Big Wednesday! It’s story time…

anyone would be a bit scared wouldn't they!?

Yesterday Gwithian was hit by the biggest waves Ian Black thinks he’s ever seen there, not a statement taken lightly! As the 1 o’clock high tide dropped, by 3pm mast and a half high sets were walling up and breaking at the outside rock. I was glad of the camaraderie as we got prepared with a nervous excitement that doesn’t happen often, on a day where you’d want to think twice about going in alone. The butterflies were there, and didn’t stop! This was definitely the most memorable session I’ve had in a long while.

As I was about to launch I could just about see Blackie clearing a mast high set, and then the bigger one after it…The wind was pretty good, SSW’ly, powered up enough on 4.7/5.0. Timing and patience was everything.
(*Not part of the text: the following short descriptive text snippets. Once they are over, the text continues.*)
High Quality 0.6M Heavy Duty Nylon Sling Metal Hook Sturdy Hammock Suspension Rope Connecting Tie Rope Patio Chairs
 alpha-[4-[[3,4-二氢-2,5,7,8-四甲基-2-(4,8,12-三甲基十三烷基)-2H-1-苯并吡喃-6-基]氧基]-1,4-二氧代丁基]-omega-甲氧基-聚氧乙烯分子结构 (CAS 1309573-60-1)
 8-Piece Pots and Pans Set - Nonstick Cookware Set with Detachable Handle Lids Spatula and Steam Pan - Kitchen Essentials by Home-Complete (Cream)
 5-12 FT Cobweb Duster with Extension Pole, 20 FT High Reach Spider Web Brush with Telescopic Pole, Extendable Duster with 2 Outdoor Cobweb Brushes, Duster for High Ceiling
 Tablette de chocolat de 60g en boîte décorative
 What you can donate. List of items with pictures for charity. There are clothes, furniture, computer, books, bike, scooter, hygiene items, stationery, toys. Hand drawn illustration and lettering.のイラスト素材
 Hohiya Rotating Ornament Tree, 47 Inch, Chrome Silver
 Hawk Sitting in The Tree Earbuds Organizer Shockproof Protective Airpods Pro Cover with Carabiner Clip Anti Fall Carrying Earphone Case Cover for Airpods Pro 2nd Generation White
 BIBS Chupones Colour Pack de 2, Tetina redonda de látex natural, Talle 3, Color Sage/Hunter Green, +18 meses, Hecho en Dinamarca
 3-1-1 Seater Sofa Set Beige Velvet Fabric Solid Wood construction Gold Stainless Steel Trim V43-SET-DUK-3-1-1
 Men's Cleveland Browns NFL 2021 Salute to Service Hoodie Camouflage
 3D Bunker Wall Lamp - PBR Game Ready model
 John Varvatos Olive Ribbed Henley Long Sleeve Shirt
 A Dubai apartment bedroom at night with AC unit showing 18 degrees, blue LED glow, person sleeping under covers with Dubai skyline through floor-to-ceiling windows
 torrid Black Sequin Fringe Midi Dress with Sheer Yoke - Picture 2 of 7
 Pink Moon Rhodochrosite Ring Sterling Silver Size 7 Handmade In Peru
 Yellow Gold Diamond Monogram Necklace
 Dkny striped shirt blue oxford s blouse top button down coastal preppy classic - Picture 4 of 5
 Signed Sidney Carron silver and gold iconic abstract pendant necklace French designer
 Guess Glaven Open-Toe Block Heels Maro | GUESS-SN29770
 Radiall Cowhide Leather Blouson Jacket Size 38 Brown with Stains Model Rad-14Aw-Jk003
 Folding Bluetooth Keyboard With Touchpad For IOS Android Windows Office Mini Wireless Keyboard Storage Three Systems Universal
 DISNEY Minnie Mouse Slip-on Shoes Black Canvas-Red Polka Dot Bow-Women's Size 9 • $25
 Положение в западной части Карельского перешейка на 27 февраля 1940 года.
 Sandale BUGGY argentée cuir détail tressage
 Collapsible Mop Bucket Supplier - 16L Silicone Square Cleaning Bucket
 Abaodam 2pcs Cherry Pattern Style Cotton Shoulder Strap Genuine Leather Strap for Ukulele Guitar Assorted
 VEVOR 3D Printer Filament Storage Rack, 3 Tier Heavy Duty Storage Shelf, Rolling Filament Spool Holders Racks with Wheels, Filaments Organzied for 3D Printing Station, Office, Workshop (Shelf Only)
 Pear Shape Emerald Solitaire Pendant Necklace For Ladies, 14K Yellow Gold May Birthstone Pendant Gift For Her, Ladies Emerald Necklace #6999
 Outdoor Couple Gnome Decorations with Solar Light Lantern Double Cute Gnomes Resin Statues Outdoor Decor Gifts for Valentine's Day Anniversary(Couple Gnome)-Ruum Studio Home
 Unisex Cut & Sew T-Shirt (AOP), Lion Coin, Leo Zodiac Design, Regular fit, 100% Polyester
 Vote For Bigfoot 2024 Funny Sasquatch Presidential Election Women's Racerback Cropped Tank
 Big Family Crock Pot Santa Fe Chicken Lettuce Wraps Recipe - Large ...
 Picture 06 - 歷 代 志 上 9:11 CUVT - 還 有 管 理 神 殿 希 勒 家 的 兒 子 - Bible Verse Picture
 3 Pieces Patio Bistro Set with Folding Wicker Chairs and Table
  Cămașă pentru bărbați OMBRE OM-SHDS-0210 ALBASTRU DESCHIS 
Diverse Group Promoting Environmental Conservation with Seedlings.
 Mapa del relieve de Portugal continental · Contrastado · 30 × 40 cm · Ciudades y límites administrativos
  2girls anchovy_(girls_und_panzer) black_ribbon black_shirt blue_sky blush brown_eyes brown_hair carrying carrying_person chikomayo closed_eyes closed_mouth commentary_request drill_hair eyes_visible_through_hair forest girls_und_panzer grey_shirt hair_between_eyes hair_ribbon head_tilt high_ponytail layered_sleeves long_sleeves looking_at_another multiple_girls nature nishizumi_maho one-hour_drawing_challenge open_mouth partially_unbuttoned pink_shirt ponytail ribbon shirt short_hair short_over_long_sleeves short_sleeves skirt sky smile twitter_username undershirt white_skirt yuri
There were some situations I definitely didn’t want to find myself in today in the cold sea and air. But prepared and up for it this challenge was to be met. The good thing about the size was the period really was high, and although on the inside you would just be drifting much of the time there was plenty of room for a chicken gybe when you saw a 15ft face wall up ahead about to close out along the bay. Gwithian lets you out. The sets were regular enough and you could find 30-40 seconds of eerie calm around the impact zone, just some peeling at logo high to deal with, and hopefully catch a gust and tear well out the back.
I took a lot more time than usual lining up, watching Blackie take two waves, finding an exit to kick off and get back out unscathed. Planing in at one stage I watched mast and a half high sets throw just down the beach from where I was, I gybed, wondering if I really was out the back enough! The one wave I took walled up nice and smoothly. Over my shoulder I couldn’t see anything bigger; I wanted to take it all the way in anyway. There was so much more time positioning as the face gradually grew and I accelerated. Racing down into the bottom turn, it threw top to bottom just behind me. Carrying speed up into a big long face I made sure I held the carve around the top of the wall and flew back down and out of harms way as 100m of it closed out. Boom! From near silence to such a thundering noise. During the next attempts out I got caught awkwardly in a lull and let a head high throwing lip try to put the tail of my board through the top of my leg! Pretty stunned I managed to get back in, Blackie helping with my gear. I couldn’t even lift my leg! Gutted! Carrying myself up the cliff badly bruised I sat in the car watching the two of them; Steve Colesby had joined in. The rain was still relentless and the wind chilled the hands. There were no major swims and Blackie found one that connected all the way in, laying down warp speed turns one after the next. Very smooth and impressive.
They came in just before dark. Barely another soul in sight, no cameras or video, just the three of us, a memorable afternoon!